**Task directions:** Each line that includes the word "Development" should be copied from the records.

**Collected data entries:**
★ ★ ★ ★

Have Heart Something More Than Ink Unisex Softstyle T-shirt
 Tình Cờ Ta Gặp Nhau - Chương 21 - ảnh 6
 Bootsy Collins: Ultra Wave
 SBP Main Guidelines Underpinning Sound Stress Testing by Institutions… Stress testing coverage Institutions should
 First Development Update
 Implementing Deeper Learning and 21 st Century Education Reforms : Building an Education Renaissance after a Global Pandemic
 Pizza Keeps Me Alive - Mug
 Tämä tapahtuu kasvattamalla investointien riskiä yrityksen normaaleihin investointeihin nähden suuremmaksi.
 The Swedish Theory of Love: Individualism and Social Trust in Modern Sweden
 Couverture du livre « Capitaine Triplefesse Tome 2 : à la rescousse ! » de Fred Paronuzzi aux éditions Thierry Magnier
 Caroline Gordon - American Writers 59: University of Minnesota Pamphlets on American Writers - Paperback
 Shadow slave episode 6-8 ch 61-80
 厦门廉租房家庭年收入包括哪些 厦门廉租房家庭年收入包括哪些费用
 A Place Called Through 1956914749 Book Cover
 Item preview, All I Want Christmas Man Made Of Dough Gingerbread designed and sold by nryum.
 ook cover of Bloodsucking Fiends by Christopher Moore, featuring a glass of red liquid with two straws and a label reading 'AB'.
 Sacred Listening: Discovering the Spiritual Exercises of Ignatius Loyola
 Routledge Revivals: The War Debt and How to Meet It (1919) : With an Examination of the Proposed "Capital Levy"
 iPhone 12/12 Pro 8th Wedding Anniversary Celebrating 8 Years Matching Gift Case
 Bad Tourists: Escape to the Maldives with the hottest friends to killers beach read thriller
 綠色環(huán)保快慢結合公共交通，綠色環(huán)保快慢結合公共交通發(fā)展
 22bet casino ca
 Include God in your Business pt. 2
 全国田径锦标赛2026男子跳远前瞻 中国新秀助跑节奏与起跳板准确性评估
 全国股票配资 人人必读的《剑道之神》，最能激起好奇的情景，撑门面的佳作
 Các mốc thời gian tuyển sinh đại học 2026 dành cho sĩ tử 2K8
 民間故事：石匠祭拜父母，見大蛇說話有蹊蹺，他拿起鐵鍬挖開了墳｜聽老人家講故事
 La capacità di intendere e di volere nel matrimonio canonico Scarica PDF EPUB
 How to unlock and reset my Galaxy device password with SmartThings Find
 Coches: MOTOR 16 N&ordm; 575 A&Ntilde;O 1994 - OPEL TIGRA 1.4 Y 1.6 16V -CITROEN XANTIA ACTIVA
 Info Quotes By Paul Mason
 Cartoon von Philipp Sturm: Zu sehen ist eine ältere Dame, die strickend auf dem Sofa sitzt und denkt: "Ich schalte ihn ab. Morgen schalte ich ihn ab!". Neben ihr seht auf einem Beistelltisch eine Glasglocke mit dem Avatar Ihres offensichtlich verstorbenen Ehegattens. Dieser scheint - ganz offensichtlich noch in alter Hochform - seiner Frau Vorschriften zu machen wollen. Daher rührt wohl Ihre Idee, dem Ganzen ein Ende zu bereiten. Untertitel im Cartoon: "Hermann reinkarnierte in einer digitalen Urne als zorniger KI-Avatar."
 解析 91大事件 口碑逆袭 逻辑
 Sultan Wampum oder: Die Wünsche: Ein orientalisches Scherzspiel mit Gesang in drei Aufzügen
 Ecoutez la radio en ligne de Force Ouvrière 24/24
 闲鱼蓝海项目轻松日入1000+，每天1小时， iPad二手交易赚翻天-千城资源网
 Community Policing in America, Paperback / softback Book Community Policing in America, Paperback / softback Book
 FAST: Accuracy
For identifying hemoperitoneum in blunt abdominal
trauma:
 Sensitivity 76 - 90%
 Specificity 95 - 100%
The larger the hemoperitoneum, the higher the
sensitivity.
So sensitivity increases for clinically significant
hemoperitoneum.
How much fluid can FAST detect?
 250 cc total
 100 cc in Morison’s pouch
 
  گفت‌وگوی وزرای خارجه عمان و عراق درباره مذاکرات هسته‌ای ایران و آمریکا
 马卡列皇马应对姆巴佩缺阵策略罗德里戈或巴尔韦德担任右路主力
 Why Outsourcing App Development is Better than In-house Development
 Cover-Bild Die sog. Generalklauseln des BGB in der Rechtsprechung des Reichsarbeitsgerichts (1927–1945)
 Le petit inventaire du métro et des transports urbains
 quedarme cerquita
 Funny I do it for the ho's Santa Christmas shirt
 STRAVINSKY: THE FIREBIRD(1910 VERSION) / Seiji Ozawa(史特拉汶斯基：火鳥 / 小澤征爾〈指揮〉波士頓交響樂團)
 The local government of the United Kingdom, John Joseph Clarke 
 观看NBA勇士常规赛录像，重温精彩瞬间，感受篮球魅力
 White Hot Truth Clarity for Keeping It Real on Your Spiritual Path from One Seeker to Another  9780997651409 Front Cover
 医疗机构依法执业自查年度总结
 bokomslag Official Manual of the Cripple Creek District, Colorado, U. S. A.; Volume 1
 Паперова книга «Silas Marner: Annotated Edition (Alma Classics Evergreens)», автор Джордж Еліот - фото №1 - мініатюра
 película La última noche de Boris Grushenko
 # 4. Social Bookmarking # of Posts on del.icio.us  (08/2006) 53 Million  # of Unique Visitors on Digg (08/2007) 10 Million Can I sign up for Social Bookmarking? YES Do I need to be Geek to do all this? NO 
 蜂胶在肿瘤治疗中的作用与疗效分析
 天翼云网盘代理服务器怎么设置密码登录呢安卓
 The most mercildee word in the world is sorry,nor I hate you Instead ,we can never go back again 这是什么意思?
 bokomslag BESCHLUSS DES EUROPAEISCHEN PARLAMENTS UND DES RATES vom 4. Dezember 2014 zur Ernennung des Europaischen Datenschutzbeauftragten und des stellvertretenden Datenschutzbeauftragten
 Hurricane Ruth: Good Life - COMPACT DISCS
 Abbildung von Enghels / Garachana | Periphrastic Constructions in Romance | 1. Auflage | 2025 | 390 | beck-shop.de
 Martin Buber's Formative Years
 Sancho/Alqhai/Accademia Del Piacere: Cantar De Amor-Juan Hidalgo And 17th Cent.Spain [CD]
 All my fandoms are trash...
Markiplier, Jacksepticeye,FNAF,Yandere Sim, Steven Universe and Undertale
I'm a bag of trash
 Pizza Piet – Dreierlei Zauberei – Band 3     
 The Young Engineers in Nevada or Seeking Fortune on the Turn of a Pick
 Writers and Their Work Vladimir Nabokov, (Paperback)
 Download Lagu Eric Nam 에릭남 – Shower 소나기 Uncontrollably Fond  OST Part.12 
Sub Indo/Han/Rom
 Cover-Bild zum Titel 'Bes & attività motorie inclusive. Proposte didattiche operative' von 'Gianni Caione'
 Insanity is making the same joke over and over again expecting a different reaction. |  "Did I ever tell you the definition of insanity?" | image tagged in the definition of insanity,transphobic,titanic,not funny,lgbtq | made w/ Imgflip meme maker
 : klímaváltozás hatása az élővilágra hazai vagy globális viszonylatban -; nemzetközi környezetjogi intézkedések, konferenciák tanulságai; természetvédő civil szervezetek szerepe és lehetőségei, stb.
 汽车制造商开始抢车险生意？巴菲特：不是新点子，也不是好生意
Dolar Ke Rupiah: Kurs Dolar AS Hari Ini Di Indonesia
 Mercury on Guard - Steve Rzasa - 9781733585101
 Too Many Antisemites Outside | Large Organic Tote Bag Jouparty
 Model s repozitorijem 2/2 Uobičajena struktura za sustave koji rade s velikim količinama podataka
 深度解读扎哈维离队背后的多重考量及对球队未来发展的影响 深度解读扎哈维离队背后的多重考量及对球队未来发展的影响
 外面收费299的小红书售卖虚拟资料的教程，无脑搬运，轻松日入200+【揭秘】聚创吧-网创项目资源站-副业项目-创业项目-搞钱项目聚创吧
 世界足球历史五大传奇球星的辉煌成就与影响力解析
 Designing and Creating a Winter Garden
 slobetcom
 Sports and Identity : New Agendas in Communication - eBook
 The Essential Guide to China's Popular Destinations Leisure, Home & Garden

★ ★ ★ ★

**Response to this exercise:**
 First Development Update
 Why Outsourcing App Development is Better than In-house Development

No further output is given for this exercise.